Our occasional forays into the history of aerodynamics have taught us that scientifically-studied aerodynamic cars weren’t always well received by the public and manufacturers: they were too different, too weird, with functional rather than aesthetic quirks. Pre-war Paris, however, was wholeheartedly seduced by new aerodynamic forms. Simple shapes that went on to be called French curves and did nothing to improve consumption or performance.

Exaggerated and magnificent: the 1939 Delahaye 165 M bodied by the famous Figoni & Falaschi coachbuilders. The aerodynamic forms were not functional, but serve to spectacularize one of the symbolic models of France’s “crazy years”

There are many cars that belong to this train of thought but the Delahaye 165 M is certainly the most symbolic example. Built on the same chassis used for the company’s racing competition models and sharing the same a 170 horsepower, V12 engine, the famous coachbuilders from the 1930’s, Figoni and Falaschi, Italians by origin but who set up a permanent base in France, interpreted this model in the most “spectacular” way possible: the soft and rounded shapes with the bodywork protruding from the wheels, hiding them, uses chrome in the most unusual manner to emphasize what is a truly unique design.

The luxurious interior and the unusual windshield that the driver could lower using a special crank

This model was a roadster and also featured a windshield that could be retracted by using a crank handle under the dash until it fully disappeared down into the cowl. Luxury touches weren’t only limited to the exterior: opulent white leather seats and rich instrumentation completed this superlative creation.

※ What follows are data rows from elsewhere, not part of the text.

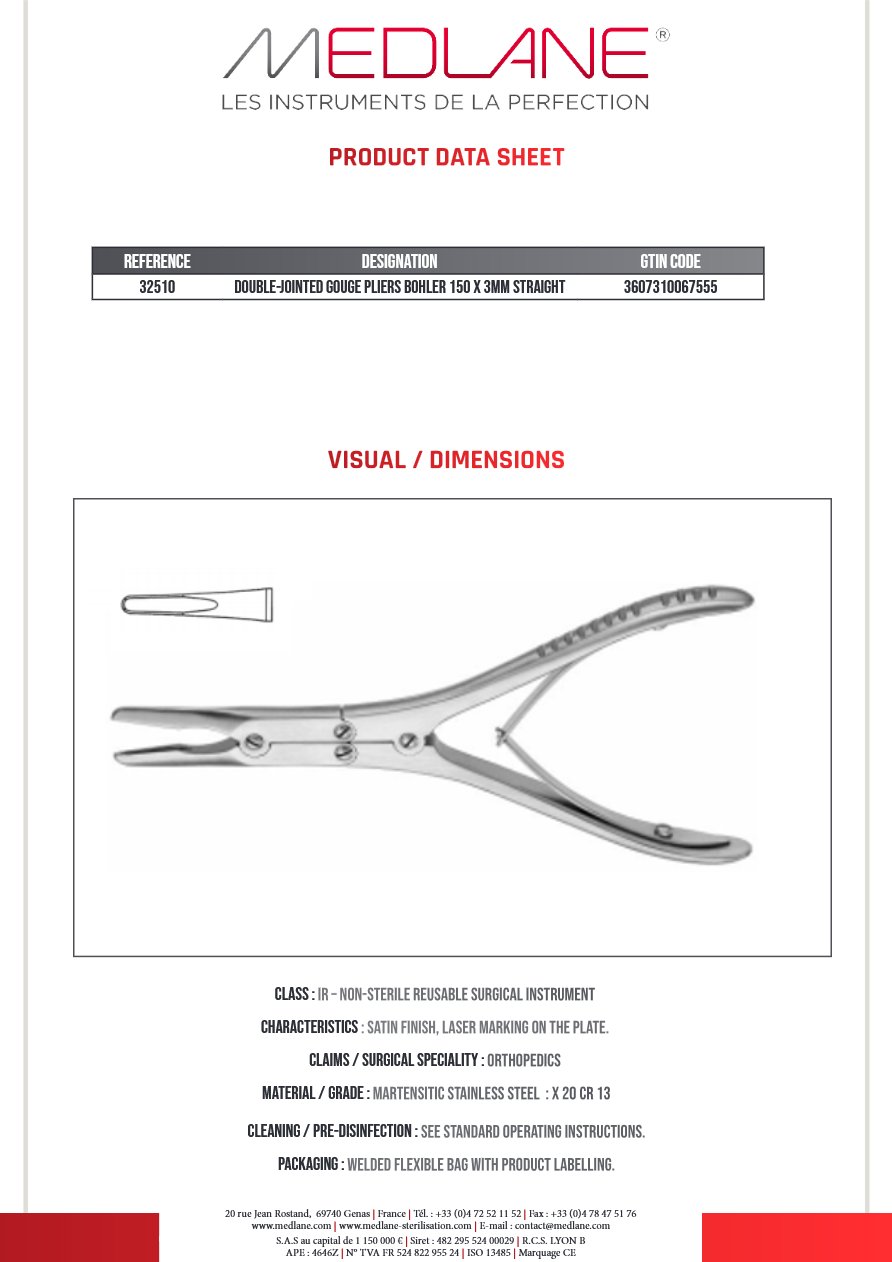 Pince Gouge Double Action Bohler 150 X 3mm Droit — REF 32510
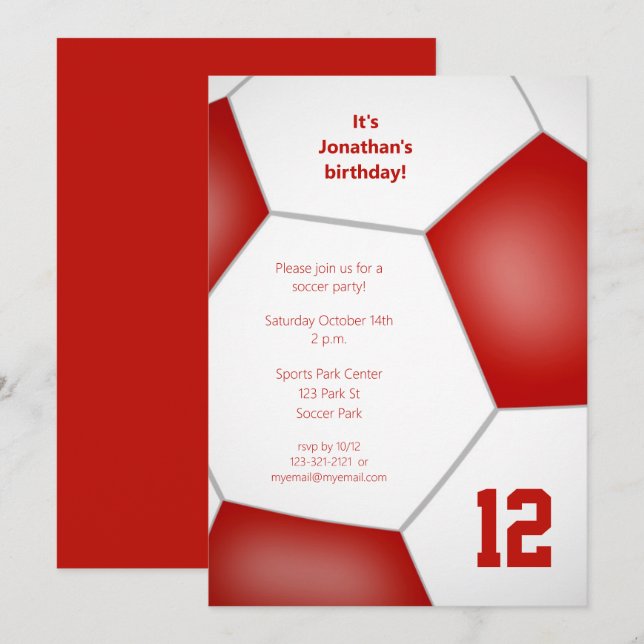 girls boys soccer birthday sports party invitation (Front/Back)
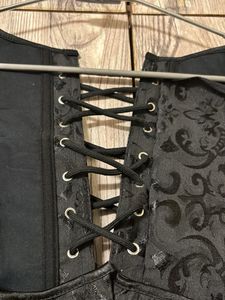Black Brocade Corset Top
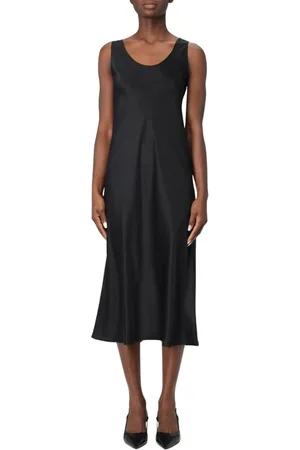 Max Mara Kjole, Dame, Sort, M, Brun Silke Slip Midi Kjole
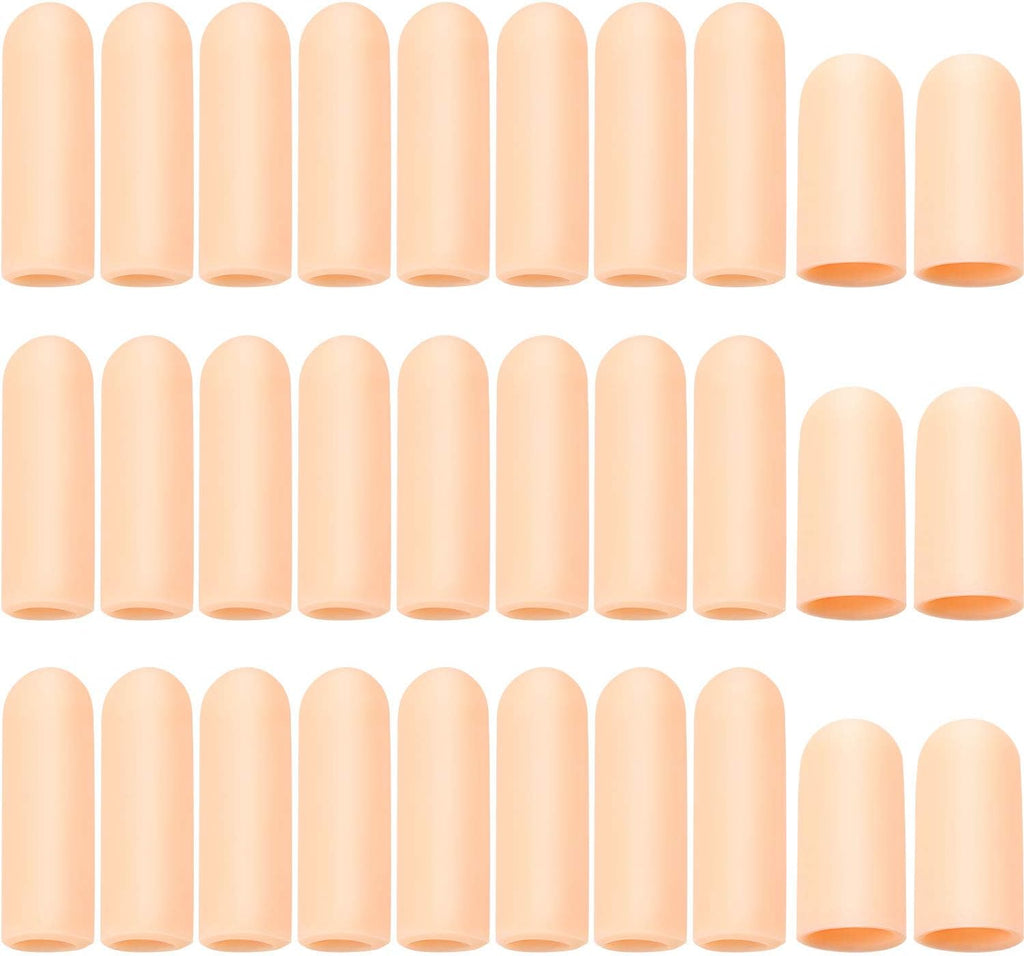Frienda 30 Pieces Gel Finger Protector Cots Silicone Cover Cap Sleeves for Finger Cracking Trigger Support(Apricot)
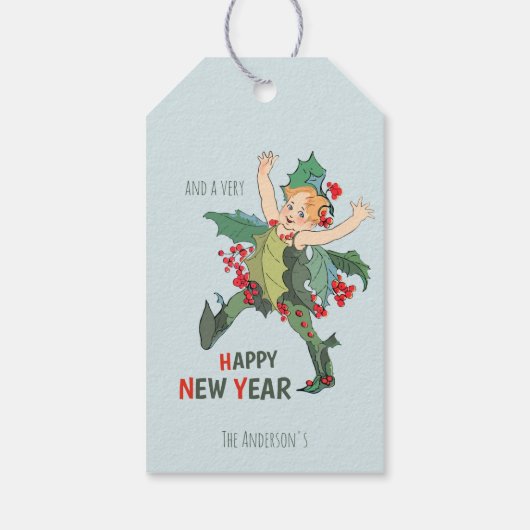 クリスマス・ホリーの子エリザベス・ゴードンCC0246 ギフトタグ (裏面)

The mighty rear and the original use of chrome parts also for the sills that embellished the luxurious French convertible

Next week we will visit another example of this flamboyant ostentation, but it should not come as a surprise to learn that after the war, the public’s taste for this kind of style diminished so much it was almost entirely forgotten. Cars were destined for mass production and even the simply magnificent F&F Carrozzeria went through a painful decline. 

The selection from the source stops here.